Dernier syndicat à rejoindre l’interprofession laitière nationale, la Coordination rurale entend peser dans la politique laitière française. Interview de Véronique Le Floc’h, présidente de l’OPL.
La régulation est votre credo. Cette demande a peu d’écho à Bruxelles. Pourquoi défendez-vous cette idée coûte que coûte ?
Les errements du marché mondial ont d’énormes conséquences économiques, sociales et géopolitiques.
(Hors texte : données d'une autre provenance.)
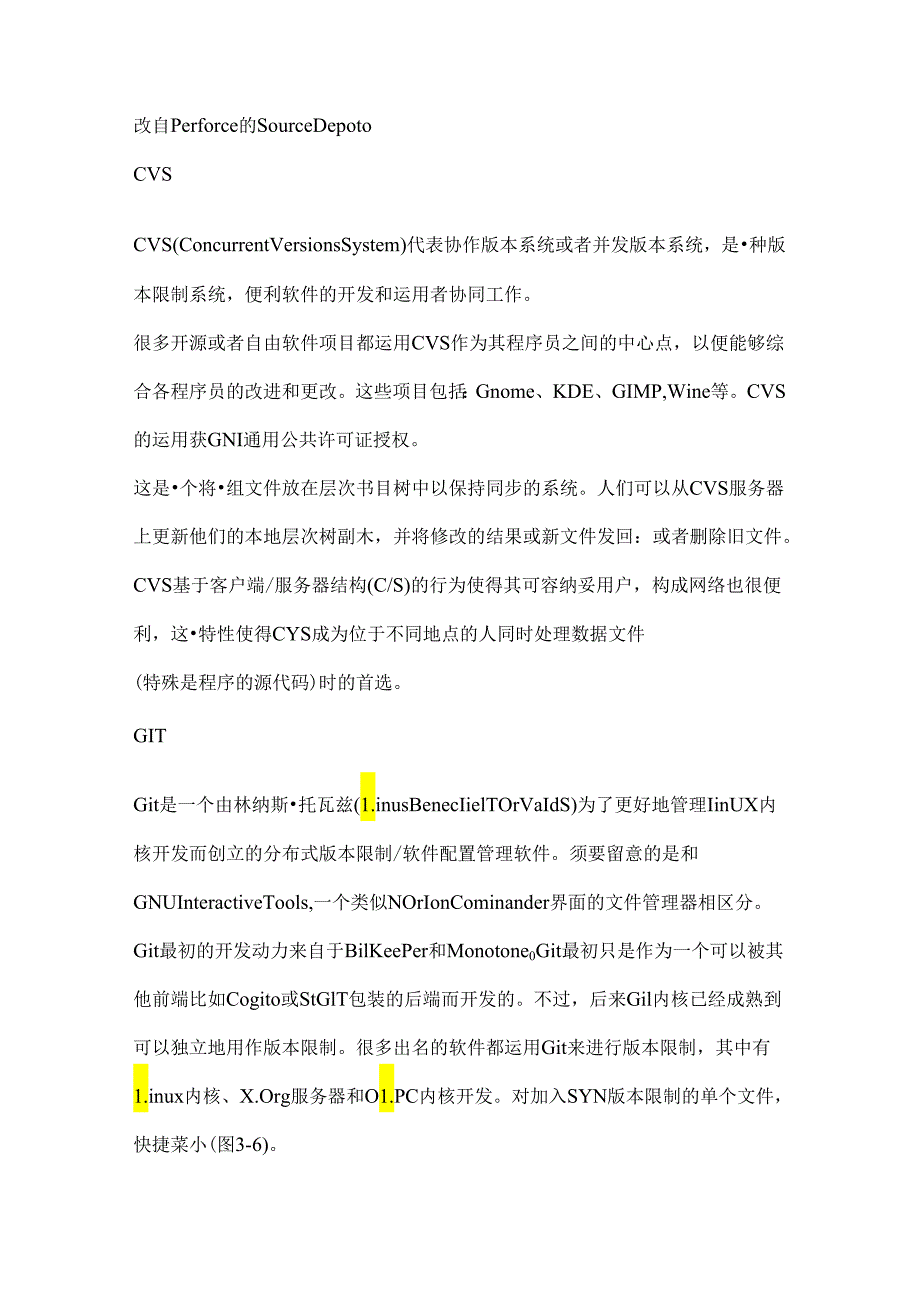 SVN版本控制工具介绍报告.docx_第3页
L’enjeu, c’est l’autonomie et la sécurité alimentaire de l’Union européenne, et donc la sécurité et la santé de ses habitants.
Au niveau local, la dérégulation des productions ne profite ni aux agriculteurs ni aux consommateurs, seulement à une vision de court terme des grandes agro-industries et des enseignes de la grande et moyenne distribution. Les dégâts sur les campagnes sont terribles sur tous les aspects : économiques, sociaux, environnementaux, culturels, etc.
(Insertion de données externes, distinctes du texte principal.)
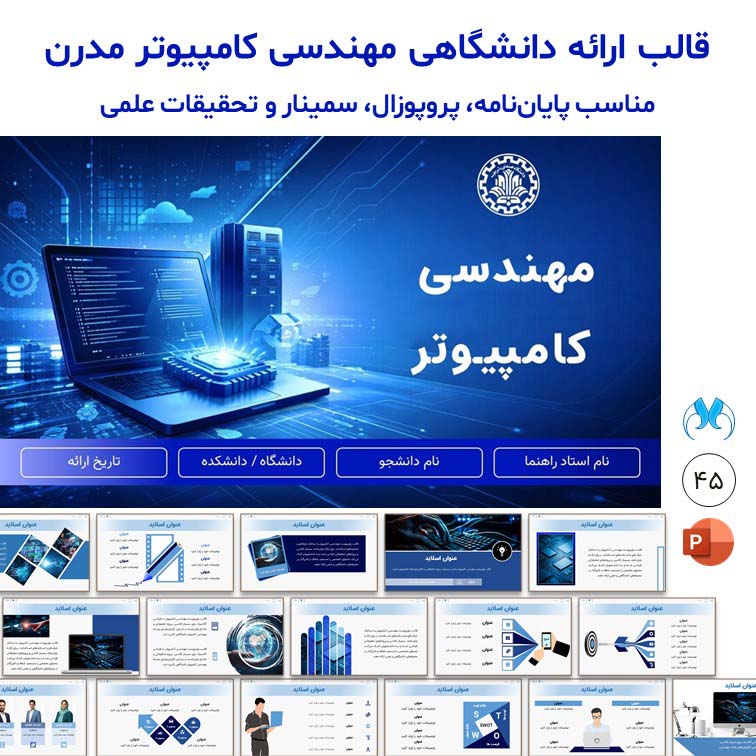 قالب پاورپوینت مهندسی کامپیوتر حرفه‌ای و دانشگاهی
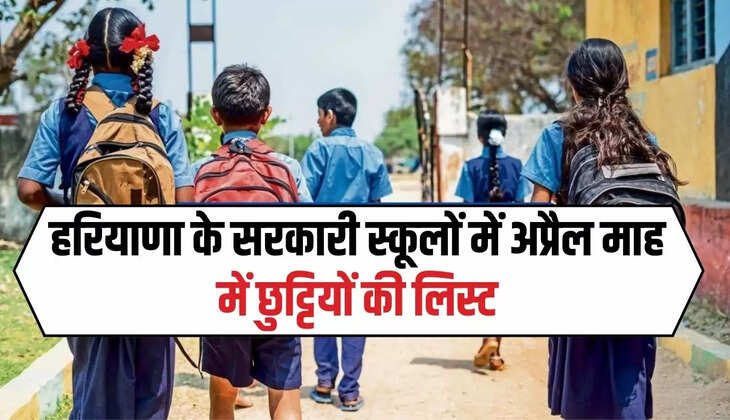  April 2024 Holiday List: हरियाणा के सरकारी स्कूलों में अप्रैल माह में छुट्टियों की लिस्ट, देखें पूरा कलैंडर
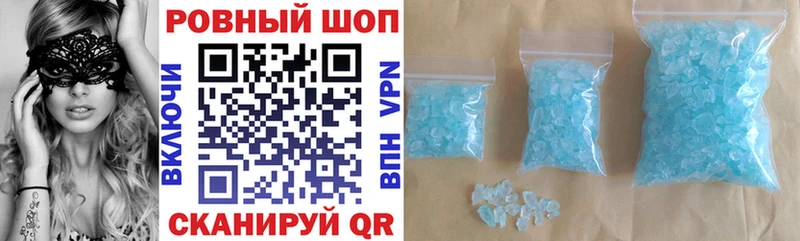 Купить наркотики Пойковский Cocaine А ПВП mega Каннабис МЕФ Гашиш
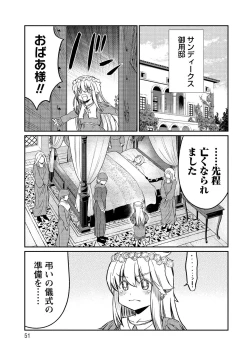 Page 51 of Kukkorose no Himekishi to nari, Yuri Shoukan de Hataraku koto ni Narimashita vol.4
Vous soutenez la régulation mise en place par Bruxelles et soutenue par le ministre de l’Agriculture ?
Oui, mais pourquoi fallait-il attendre si longtemps. En septembre 2015, nous discutions de la répartition d’une première enveloppe de 500 millions. Comme le demandait l’Organisation des producteurs de lait (OPL), il aurait été pertinent de mettre en place le programme de réduction mais avec un malus pour dissuader certains de continuer à augmenter.
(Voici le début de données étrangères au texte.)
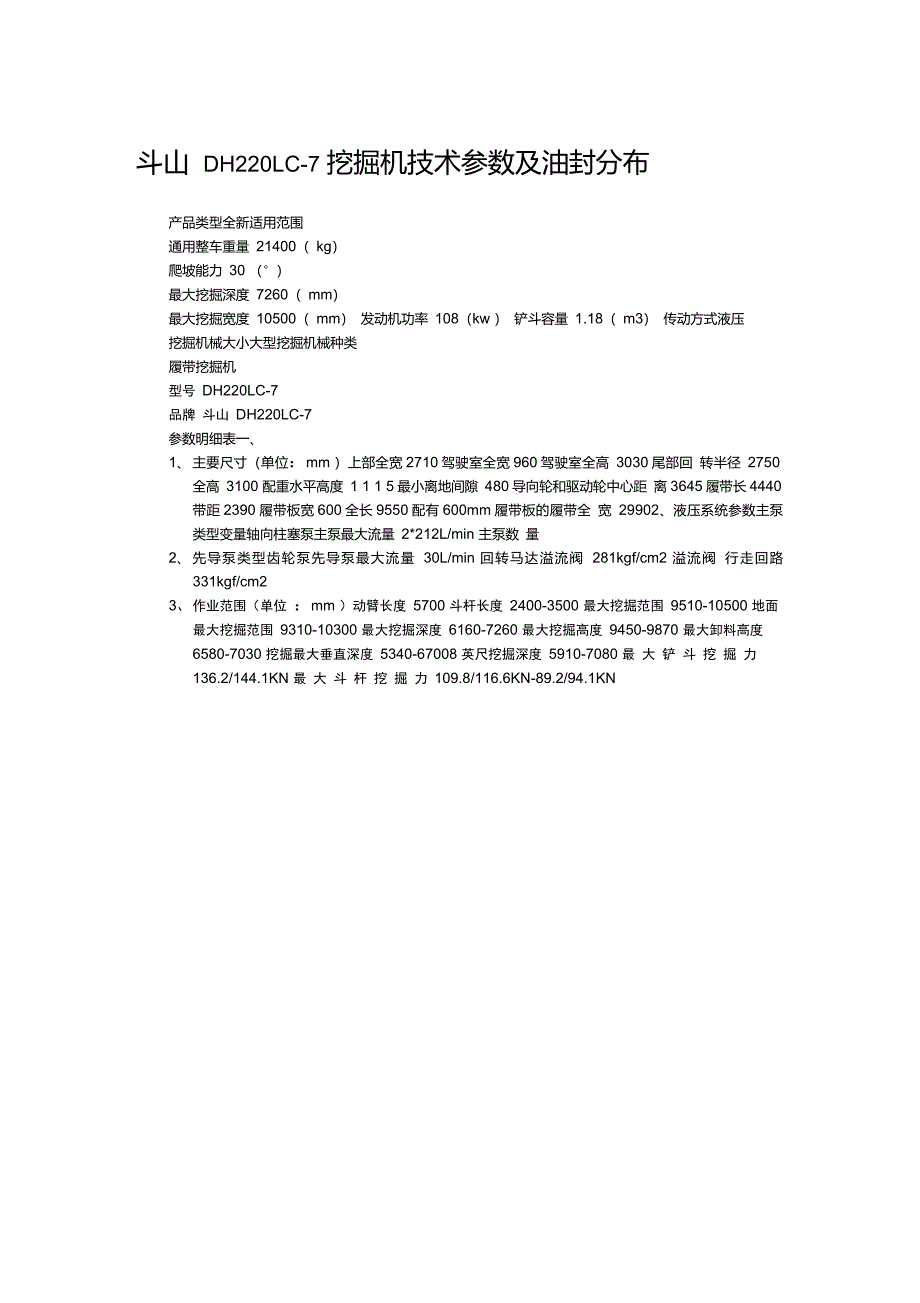 斗山DH220LC-7二手挖掘机技术参数全车油封_第1页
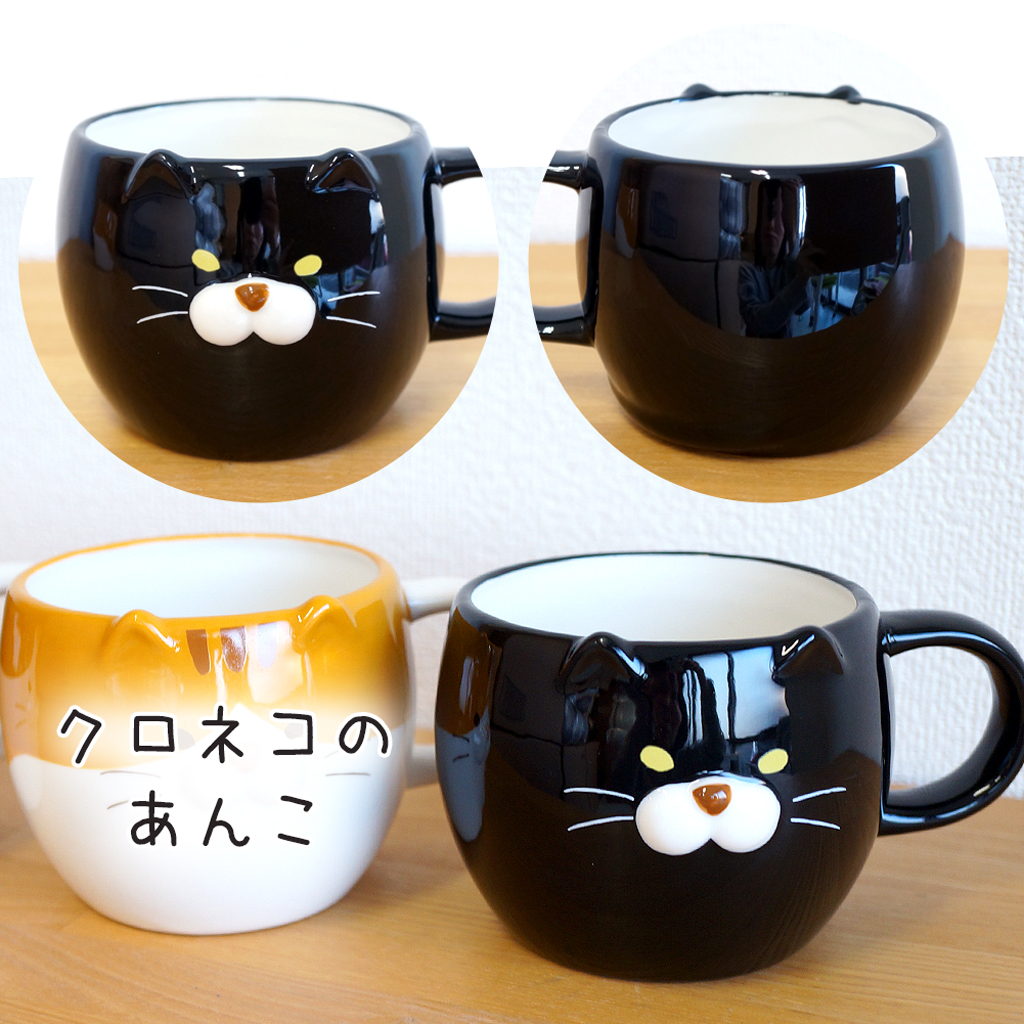 ごろごろねこのマグカップ 電子レンジ対応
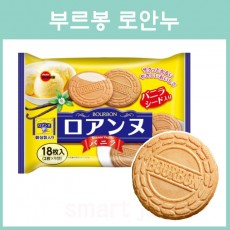 부르봉 로안누 바닐라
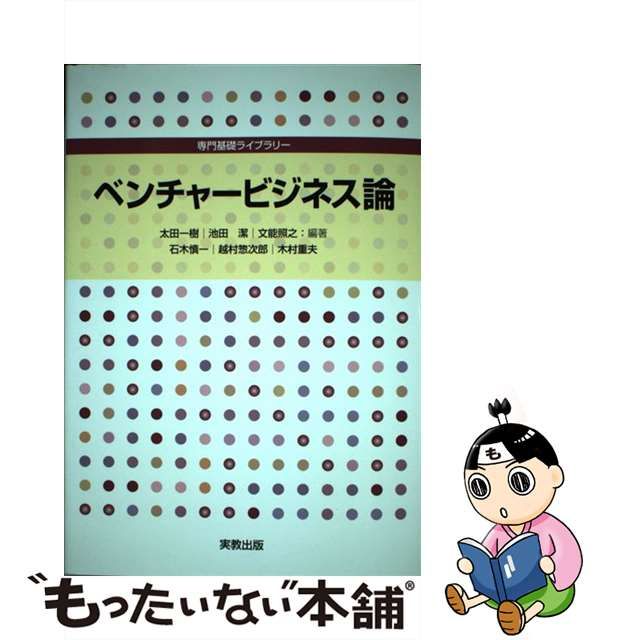 【中古】 ベンチャービジネス論 (専門基礎ライブラリー) / 太田一樹 池田潔 文能照之、石木慎一 越村惣次郎 木村重夫 / 実教出版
Aujourd’hui, le « succès » du plan illustre bien le désarroi et l’inquiétude qui a gagné les campagnes. 20 % des producteurs français se sont montrés intéressés. Ramené à l’exploitation, cela représente 14 000 litres. Nous regrettons simplement que ces mesures n’aient même pas aidé ceux qui ont fait les efforts depuis plus d’un an déjà. En revanche, ceux qui ont augmenté leur production, livré leur coopérative en volumes C à des prix autour de 40 à 50 €/t, eux pourront toucher 240 euros par tonne non produite.
Ce dispositif devrait toutefois aider à faire remonter les prix ?
La remontée des prix des produits industriels est en réalité bien davantage due à une baisse de production par insuffisance financière des exploitations laitières. C’est également vrai dans les autres pays européens et notamment en Allemagne.
Votre manifestation la semaine dernière à Carhaix, en parallèle de l’inauguration de l’usine chinoise, illustre-t-elle une volonté de repli qui vous apparaît salutaire à la production laitière locale ?
Nous ne sommes pas pour une fermeture des frontières même si nous sommes sensibles au droit des autres pays du monde à gérer souverainement leur alimentation.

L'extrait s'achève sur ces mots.